> _YOUR INSTRUCTIONS_:
Please output exactly the lines that run from the line with "Abstract Blue Swirls" through the final line of the data, inclusive, and nothing more.

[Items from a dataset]

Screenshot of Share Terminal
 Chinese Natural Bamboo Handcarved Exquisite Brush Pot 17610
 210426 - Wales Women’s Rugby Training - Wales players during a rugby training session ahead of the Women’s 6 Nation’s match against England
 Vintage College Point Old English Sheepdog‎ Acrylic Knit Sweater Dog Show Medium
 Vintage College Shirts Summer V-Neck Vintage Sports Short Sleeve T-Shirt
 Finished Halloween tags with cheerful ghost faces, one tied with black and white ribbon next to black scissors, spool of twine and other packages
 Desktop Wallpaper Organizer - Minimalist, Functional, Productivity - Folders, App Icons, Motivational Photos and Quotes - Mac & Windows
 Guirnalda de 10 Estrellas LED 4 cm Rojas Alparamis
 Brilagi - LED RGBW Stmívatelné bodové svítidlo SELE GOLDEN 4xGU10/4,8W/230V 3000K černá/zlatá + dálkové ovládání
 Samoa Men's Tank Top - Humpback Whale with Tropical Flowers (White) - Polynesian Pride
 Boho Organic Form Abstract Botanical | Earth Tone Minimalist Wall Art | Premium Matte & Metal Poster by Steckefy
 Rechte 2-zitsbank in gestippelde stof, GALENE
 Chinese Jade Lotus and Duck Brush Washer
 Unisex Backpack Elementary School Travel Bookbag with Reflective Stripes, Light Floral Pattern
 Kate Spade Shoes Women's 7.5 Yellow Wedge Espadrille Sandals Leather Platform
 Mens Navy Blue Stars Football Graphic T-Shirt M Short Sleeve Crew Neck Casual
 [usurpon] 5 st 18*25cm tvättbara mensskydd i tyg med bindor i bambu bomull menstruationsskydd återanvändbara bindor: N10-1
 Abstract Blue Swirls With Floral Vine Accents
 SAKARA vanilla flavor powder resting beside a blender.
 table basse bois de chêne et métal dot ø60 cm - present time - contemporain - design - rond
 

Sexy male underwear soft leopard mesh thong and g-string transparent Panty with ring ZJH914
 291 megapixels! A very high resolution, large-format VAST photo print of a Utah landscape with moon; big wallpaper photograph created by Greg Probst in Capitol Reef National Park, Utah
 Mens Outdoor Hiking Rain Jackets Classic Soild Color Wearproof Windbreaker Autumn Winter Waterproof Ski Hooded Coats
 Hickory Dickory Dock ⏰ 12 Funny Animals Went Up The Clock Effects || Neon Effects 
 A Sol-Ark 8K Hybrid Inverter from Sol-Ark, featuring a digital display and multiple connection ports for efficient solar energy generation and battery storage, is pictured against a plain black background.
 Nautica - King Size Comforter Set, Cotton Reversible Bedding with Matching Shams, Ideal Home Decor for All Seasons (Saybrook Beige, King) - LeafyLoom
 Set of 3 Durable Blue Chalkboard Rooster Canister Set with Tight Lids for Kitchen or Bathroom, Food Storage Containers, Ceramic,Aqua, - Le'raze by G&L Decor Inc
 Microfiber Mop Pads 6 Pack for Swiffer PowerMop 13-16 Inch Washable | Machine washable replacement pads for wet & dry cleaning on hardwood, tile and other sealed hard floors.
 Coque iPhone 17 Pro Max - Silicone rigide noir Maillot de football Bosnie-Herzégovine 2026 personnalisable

> _REPLY_:
 Abstract Blue Swirls With Floral Vine Accents
 SAKARA vanilla flavor powder resting beside a blender.
 table basse bois de chêne et métal dot ø60 cm - present time - contemporain - design - rond
 

Sexy male underwear soft leopard mesh thong and g-string transparent Panty with ring ZJH914
 291 megapixels! A very high resolution, large-format VAST photo print of a Utah landscape with moon; big wallpaper photograph created by Greg Probst in Capitol Reef National Park, Utah
 Mens Outdoor Hiking Rain Jackets Classic Soild Color Wearproof Windbreaker Autumn Winter Waterproof Ski Hooded Coats
 Hickory Dickory Dock ⏰ 12 Funny Animals Went Up The Clock Effects || Neon Effects 
 A Sol-Ark 8K Hybrid Inverter from Sol-Ark, featuring a digital display and multiple connection ports for efficient solar energy generation and battery storage, is pictured against a plain black background.
 Nautica - King Size Comforter Set, Cotton Reversible Bedding with Matching Shams, Ideal Home Decor for All Seasons (Saybrook Beige, King) - LeafyLoom
 Set of 3 Durable Blue Chalkboard Rooster Canister Set with Tight Lids for Kitchen or Bathroom, Food Storage Containers, Ceramic,Aqua, - Le'raze by G&L Decor Inc
 Microfiber Mop Pads 6 Pack for Swiffer PowerMop 13-16 Inch Washable | Machine washable replacement pads for wet & dry cleaning on hardwood, tile and other sealed hard floors.
 Coque iPhone 17 Pro Max - Silicone rigide noir Maillot de football Bosnie-Herzégovine 2026 personnalisable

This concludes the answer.